SUPREME COURT OF THE STATE OF NEW YORK NEW YORK COUNTY PART IAS MOTION 33EFM
Jan 23, 2020
2020 N.Y. Slip Op. 30315 (N.Y. Sup. Ct. 2020)

Opinion

INDEX NO. 655339/2017 Third-Party Index No. 595587/2019

01-23-2020

NEW YORK CITY ENERGY EFFICIENCY CORPORATION, Plaintiff, v. RAVINDRANATH SURIA, BFC002 11 WEST 126TH STREET LLC,BUILDFORWARD CAPITAL LLC,11 WEST 126TH HOLDINGS LLC,VAMANA REAL ESTATE EQUITIES I, LP, DAVID FINEHIRSH, URBAN ARTISAN DM1 LLC,AND JOHN AND JANE DOES 1-100, Defendants. RAVINDRANATH SURIA, BFC002 11 WEST 126TH STREET LLC, BUILDFORWARD CAPITAL LLC, 11 WEST 126TH HOLDINGS LLC, VAMANA REAL ESTATE EQUITIES I, LP. Plaintiffs, v. 11 WEST 126TH STREET LENDER 1 LLC, 11 WEST 126TH STREET LENDER 2 LLC Defendants.

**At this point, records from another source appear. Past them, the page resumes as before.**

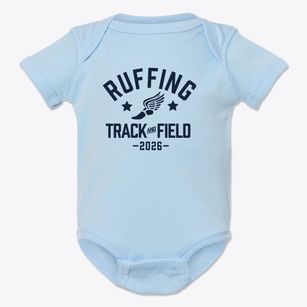 Ruffing Montessori Rocky River School Track and Field Baby Onesie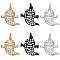 6Pcs 3 Colors  Brass Micro Pave CLear Cubic Zirconia Pendants, Grade AAA, Ghost, Cadmium Free & Nickel Free & Lead Free, Ghost, Mixed Color, 15x15x3mm, Hole: 2mm, 2pcs/color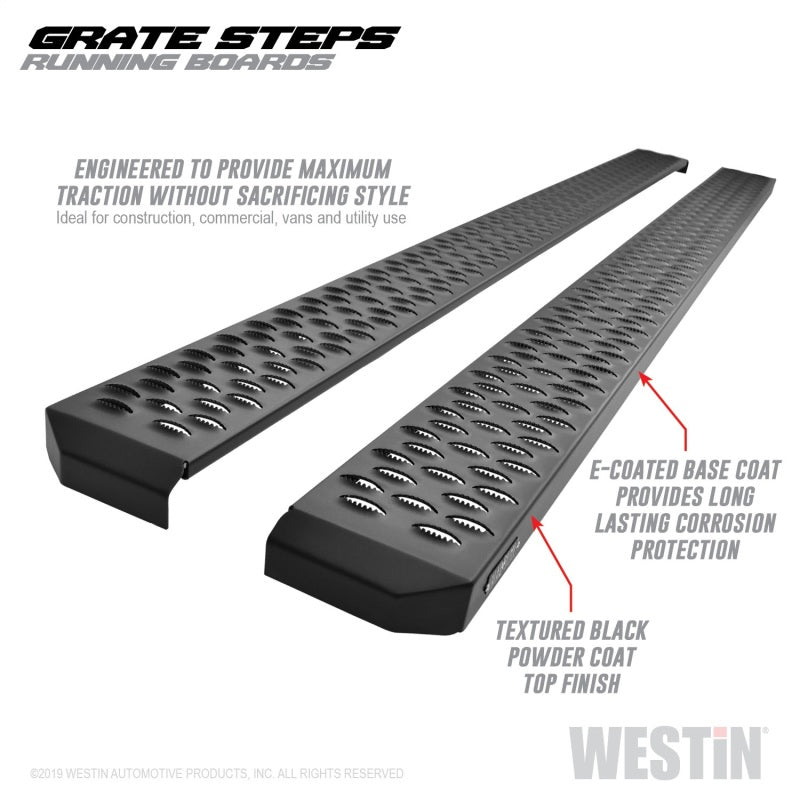 Westin Grate Steps Running Boards 90 in - Textured Black - eliteracefab.com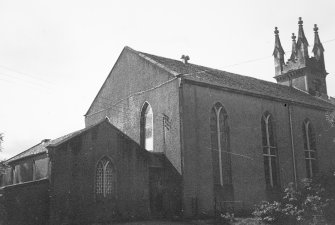 View of north elevation and east gable with vestry block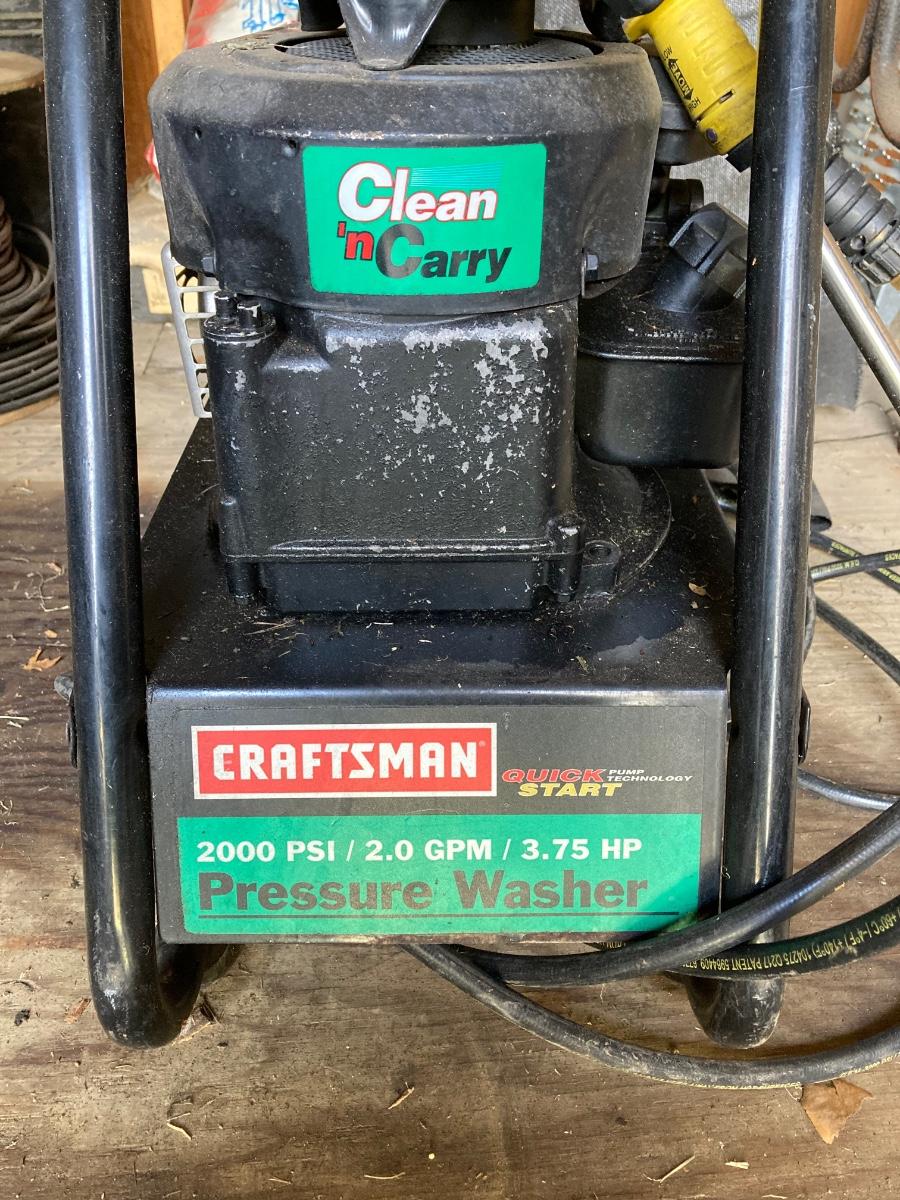 LOT 175 Craftsman Pressure Washer 2000 PSI, 3.75 HP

NYSCEF DOC. NO. 89 PRESENT: HON. MARGARET A. CHAN Justice MOTION DATE 10/21/2019 MOTION SEQ. NO. (MS) 004

DECISION + ORDER ON MOTION

The following e-filed documents, listed by NYSCEF document number (Motion 004) 77, 78, 79, 80, 81, 83, 84, 85, 86, 87 were read on this motion to/for DISMISS.

In this action regarding an alleged fraudulent conveyance of a mortgage, third-party defendants 11 West 126th Lender 1 LLC ("Lender 1") and 11 West 126th Lender 2 LLC ("Lender 2") move to dismiss the above-captioned third-party plaintiffs' amended verified third-party complaint pursuant to CPLR 3211(a)(7) for failure to state a cause of action, and CPLR 3211(a)(5) based upon an alleged release. The third-party plaintiffs oppose the motion. BACKGROUND

Plaintiff New York City Energy Efficiency Corp. ("NYCEEC") initiated this action on August 14, 2017, alleging that defendants, including Lender 1 and Lender 2, fraudulently conveyed a mortgage on a property located at 11 West 126th Street in the city, county, and state of New York that was partially financed by plaintiff (NYSCEF #1). At the same time, plaintiff filed a Notice of Pendency (NYSCEF #2). All the defendants except for Lender 1 and Lender 2 moved to dismiss the complaint and vacate the Notice of Pendency (NYSCEF #20, 26, and 48). Lender 1 and Lender 2 filed a foreclosure action on March 1, 2018, claiming that the instant action caused a default. On February 11, 2019, this court issued an order denying, in significant part, the third-party plaintiffs' motion to vacate the Notice of Pendency (NYSCEF #52).

Defendants/third-party plaintiffs' motion to dismiss were granted in part and denied in part (NYSCEF #56 - March 15, 2019 Decision and Order).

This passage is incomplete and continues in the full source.